As stated by the National Union of Italian Dental Industries, in collaboration with Key-Stone statistics, which commissioned the survey, the data show that 24% of dental laboratories rely on CAD/CAM production centres, preferring this working method to the traditional ones of the dental technician. The number of laboratories that decide to rely on these “digital centres” for the entire production process is increasing: from the design to the production of the works themselves.

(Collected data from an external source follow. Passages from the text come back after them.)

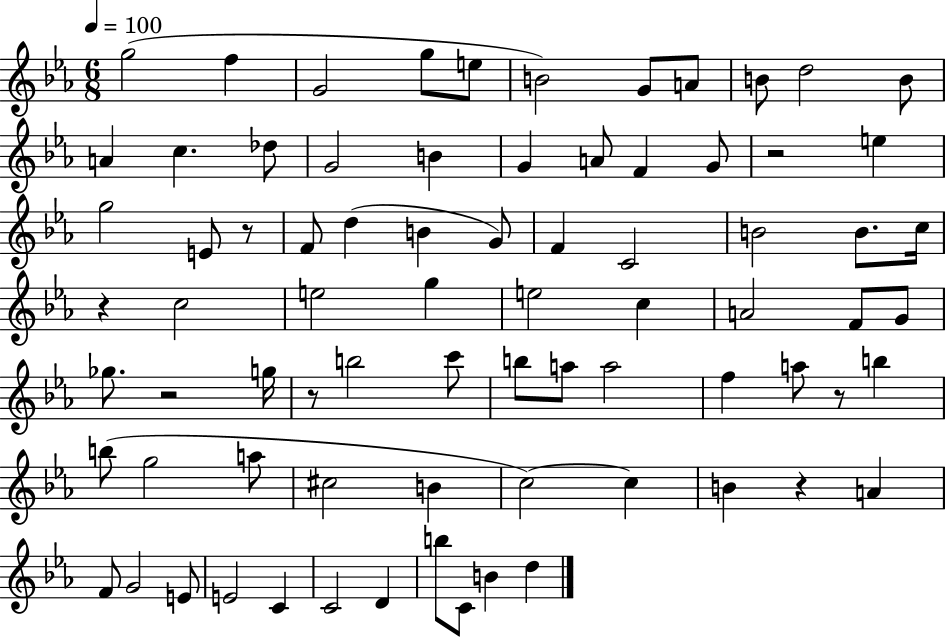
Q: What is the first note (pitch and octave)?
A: G5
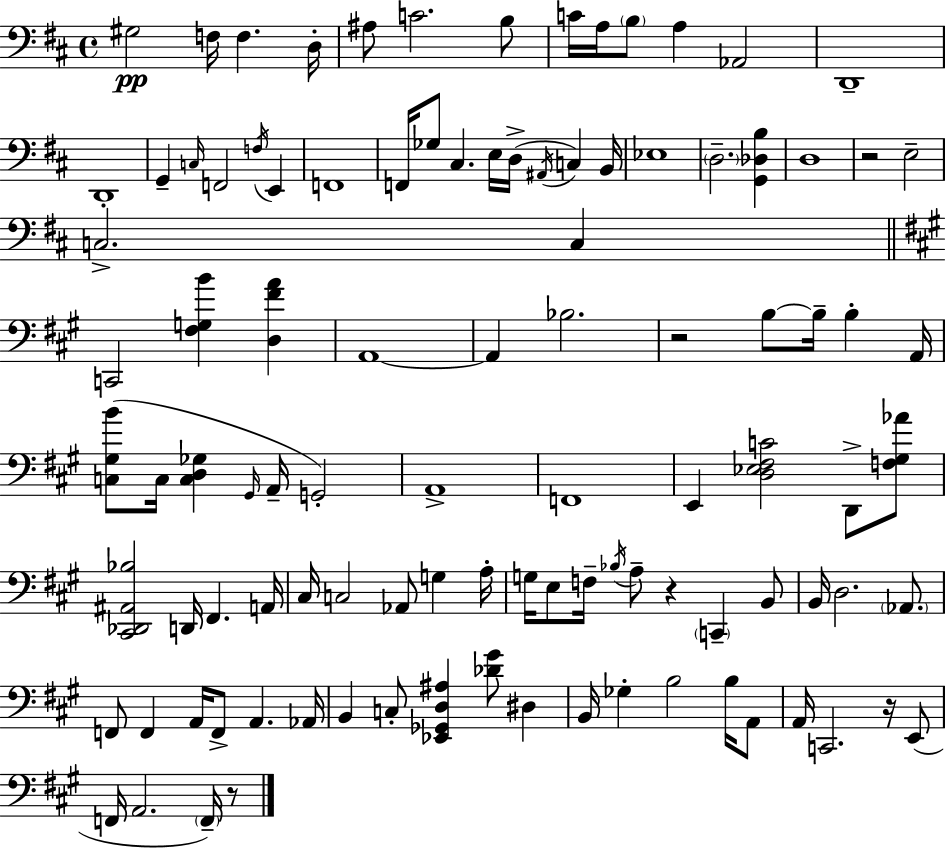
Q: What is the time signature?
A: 4/4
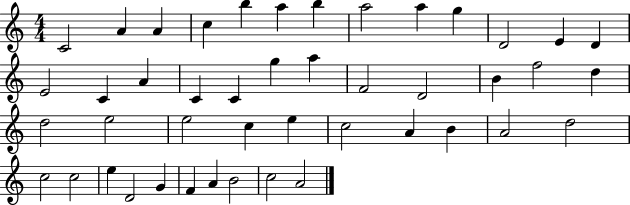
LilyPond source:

{
  \clef treble
  \numericTimeSignature
  \time 4/4
  \key c \major
  c'2 a'4 a'4 | c''4 b''4 a''4 b''4 | a''2 a''4 g''4 | d'2 e'4 d'4 | \break e'2 c'4 a'4 | c'4 c'4 g''4 a''4 | f'2 d'2 | b'4 f''2 d''4 | \break d''2 e''2 | e''2 c''4 e''4 | c''2 a'4 b'4 | a'2 d''2 | \break c''2 c''2 | e''4 d'2 g'4 | f'4 a'4 b'2 | c''2 a'2 | \break \bar "|."
}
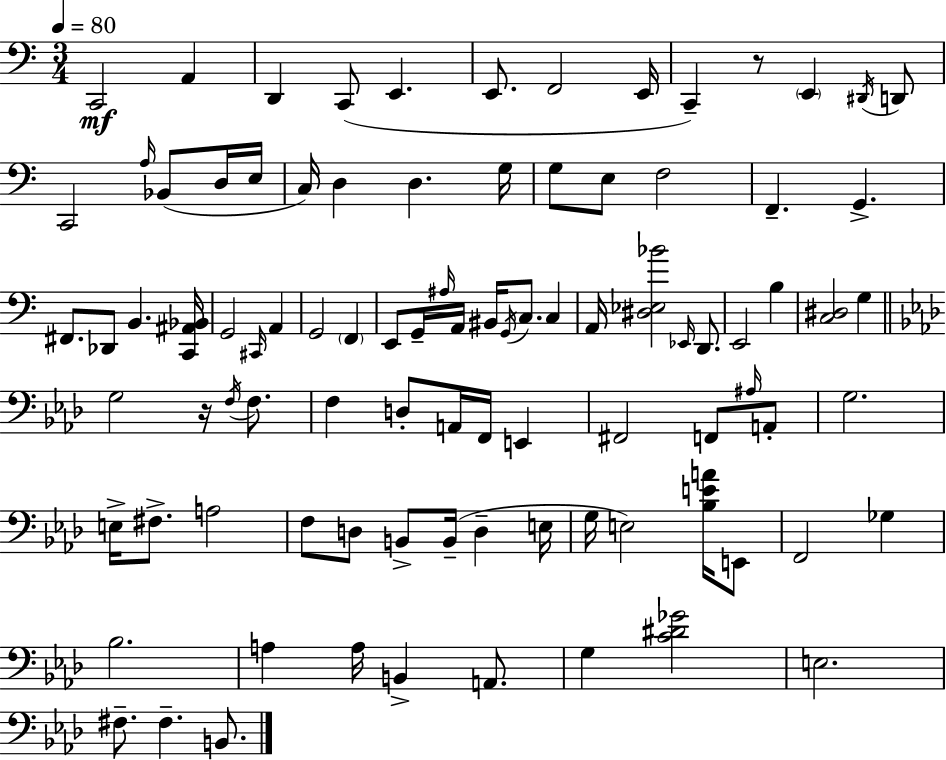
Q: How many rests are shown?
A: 2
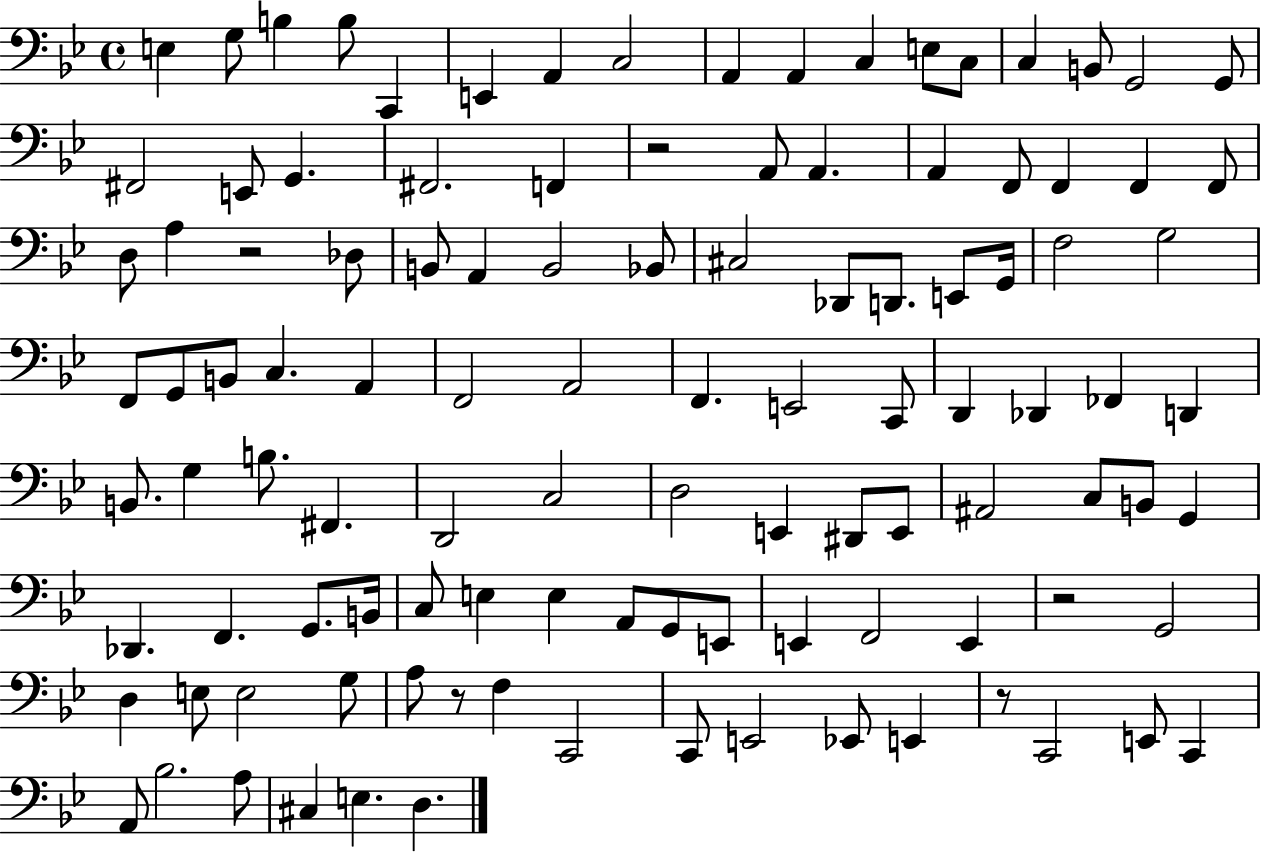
{
  \clef bass
  \time 4/4
  \defaultTimeSignature
  \key bes \major
  e4 g8 b4 b8 c,4 | e,4 a,4 c2 | a,4 a,4 c4 e8 c8 | c4 b,8 g,2 g,8 | \break fis,2 e,8 g,4. | fis,2. f,4 | r2 a,8 a,4. | a,4 f,8 f,4 f,4 f,8 | \break d8 a4 r2 des8 | b,8 a,4 b,2 bes,8 | cis2 des,8 d,8. e,8 g,16 | f2 g2 | \break f,8 g,8 b,8 c4. a,4 | f,2 a,2 | f,4. e,2 c,8 | d,4 des,4 fes,4 d,4 | \break b,8. g4 b8. fis,4. | d,2 c2 | d2 e,4 dis,8 e,8 | ais,2 c8 b,8 g,4 | \break des,4. f,4. g,8. b,16 | c8 e4 e4 a,8 g,8 e,8 | e,4 f,2 e,4 | r2 g,2 | \break d4 e8 e2 g8 | a8 r8 f4 c,2 | c,8 e,2 ees,8 e,4 | r8 c,2 e,8 c,4 | \break a,8 bes2. a8 | cis4 e4. d4. | \bar "|."
}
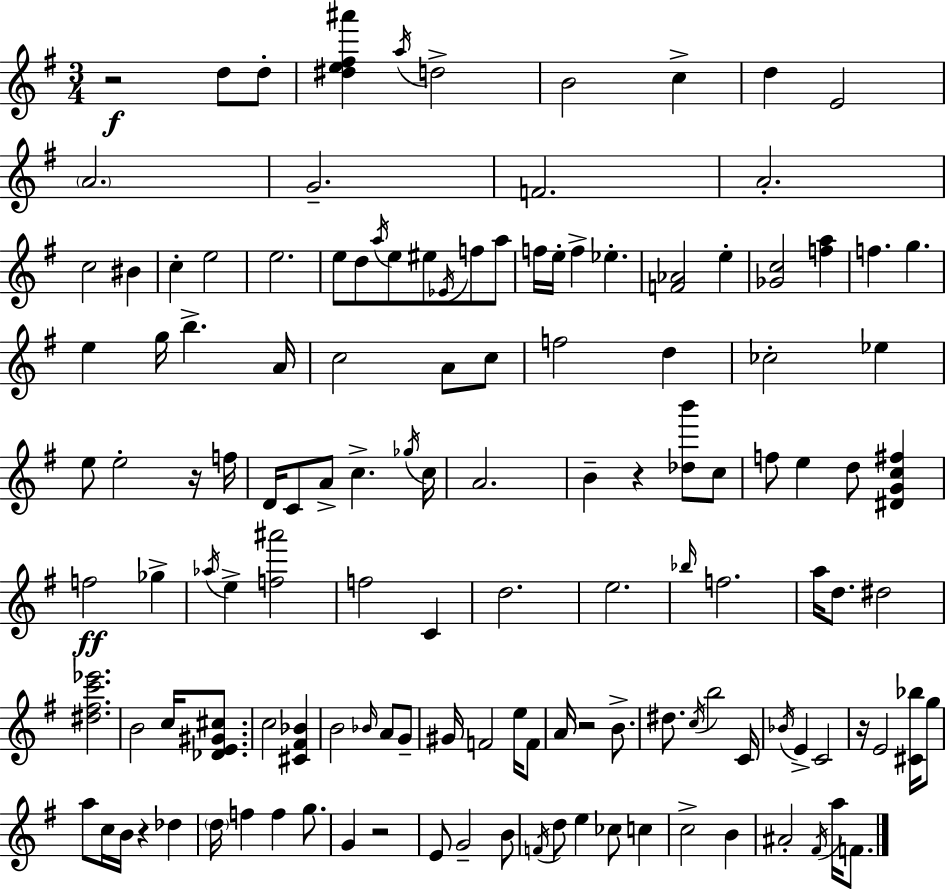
R/h D5/e D5/e [D#5,E5,F#5,A#6]/q A5/s D5/h B4/h C5/q D5/q E4/h A4/h. G4/h. F4/h. A4/h. C5/h BIS4/q C5/q E5/h E5/h. E5/e D5/e A5/s E5/e EIS5/e Eb4/s F5/e A5/e F5/s E5/s F5/q Eb5/q. [F4,Ab4]/h E5/q [Gb4,C5]/h [F5,A5]/q F5/q. G5/q. E5/q G5/s B5/q. A4/s C5/h A4/e C5/e F5/h D5/q CES5/h Eb5/q E5/e E5/h R/s F5/s D4/s C4/e A4/e C5/q. Gb5/s C5/s A4/h. B4/q R/q [Db5,B6]/e C5/e F5/e E5/q D5/e [D#4,G4,C5,F#5]/q F5/h Gb5/q Ab5/s E5/q [F5,A#6]/h F5/h C4/q D5/h. E5/h. Bb5/s F5/h. A5/s D5/e. D#5/h [D#5,F#5,C6,Eb6]/h. B4/h C5/s [Db4,E4,G#4,C#5]/e. C5/h [C#4,F#4,Bb4]/q B4/h Bb4/s A4/e G4/e G#4/s F4/h E5/s F4/e A4/s R/h B4/e. D#5/e. C5/s B5/h C4/s Bb4/s E4/q C4/h R/s E4/h [C#4,Bb5]/s G5/e A5/e C5/s B4/s R/q Db5/q D5/s F5/q F5/q G5/e. G4/q R/h E4/e G4/h B4/e F4/s D5/e E5/q CES5/e C5/q C5/h B4/q A#4/h F#4/s A5/s F4/e.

It is right that the figure of the dental technician integrates in his professional routine techniques and CAD/CAM technologies, able to facilitate the work and the quality of the executions considering that the dental market is physiologically converting all the techniques and technologies, up to being almost completely digital. But are the historical figures of the supply chain (industries and suppliers, dental practices and dental laboratories) developing combined strategic-entrepreneurial actions? The answer is: not yet enough. It is necessary to ennoble the figure of the dental technician and to privilege the collaboration with the dental practices able to appreciate the quality of the Italian laboratories. At the level of business management, the aggregation of companies can be of great support, both to contain costs and to optimize resources and dominate a complex market.
The new technologies will require the inclusion of more technical and qualified professionals to manage the new systems. The training of professionals will be of fundamental and indispensable importance.